Substitute $\text{0}\text{.5m}$ for $l_{AB}$, $\text{0}\text{.4m}$ for $l_{AE}$ and $\text{0}\text{.3m}$ for $l_{DF}$.

$\begin{array}{c}{l}_{AF}=\sqrt{{\left(0.5\right)}^2+{\left(0.4\right)}^2+{\left(0.3\right)}^2}\\ =0.70711\text{m}\end{array}$

Calculate the elongated lengths of the elastic chord when the collar is at position B$\left(l_{BF}\right)$ using the relation:

$l_{BF}=\sqrt{{\left(l_{AE}\right)}^2+{\left(l_{DF}\right)}^2}$

Substitute $\text{0}\text{.4m}$ for $l_{AE}$ and $\text{0}\text{.3m}$ for $l_{DF}$.

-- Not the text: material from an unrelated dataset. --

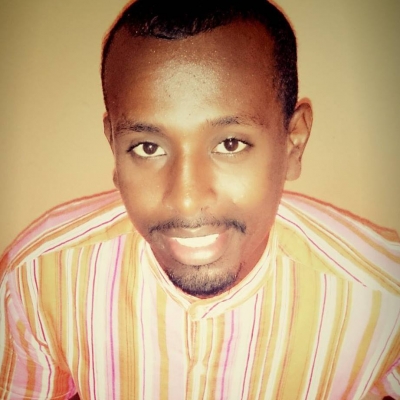 ontmoeten YACIN42 - Djibouti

$\begin{array}{c}{l}_{BF}=\sqrt{{\left(0.4\right)}^2+{\left(0.3\right)}^2}\\ =0.5\text{m}\end{array}$

Calculate the elongation of the elastic cord when the collar is at position A $\left(\Delta L_{AF}\right)$

$\Delta L_{AF}=l_{AF}-l_0$

Substitute $\text{0}\text{.70711}\text{m}$ for $l_{AF}$ and $0.3\text{m}$ for $l_0$.

$\begin{array}{c}\Delta L_{AF}=0.70711\text{m}-0.3\text{m}\\ =0.40711\text{m}\end{array}$

Calculate the elongation of the elastic cord when collar is in position B $\left(\Delta L_{BF}\right)$ using the relation:

$\Delta L_{BF}=l_{BF}-l_0$

Substitute $0.5\text{m}$ for $l_{AF}$ and $0.3\text{m}$ for $l_0$.

$\begin{array}{c}\Delta L_{BF}=0.5\text{m}-0.30\text{m}\\ =0.2\text{m}\end{array}$

Calculate the potential energy stored in the cord due to elongation ${\left(V_A\right)}_e$ using the formula:

${\left(V_A\right)}_e=\frac{1}{2}k\left(\Delta L_{AF}^2\right)$

Substitute $70\text{N}/\text{m}$ for $k$ and $0.40711\text{m}$ for $\Delta L_{AF}$.

$\begin{array}{c}{\left(V_A\right)}_e=\frac{1}{2}\times 70\times {\left(0.40711\right)}^2\\ =5.800\text{J}\end{array}$

Calculate the potential energy stored in the collar due to gravitation ${\left(V_A\right)}_g$ using the formula:

${\left(V_A\right)}_g=Wh$

Substitute $mg$ for W and $l_{AE}$ for h.

${\left(V_A\right)}_g=mg{l}_{AE}$

Substitute $1.2\text{kg}$ for m, $9.81\text{m}/{\text{s}}^2$ for g and $\text{0}\text{.4m}$ for $l_{AE}$.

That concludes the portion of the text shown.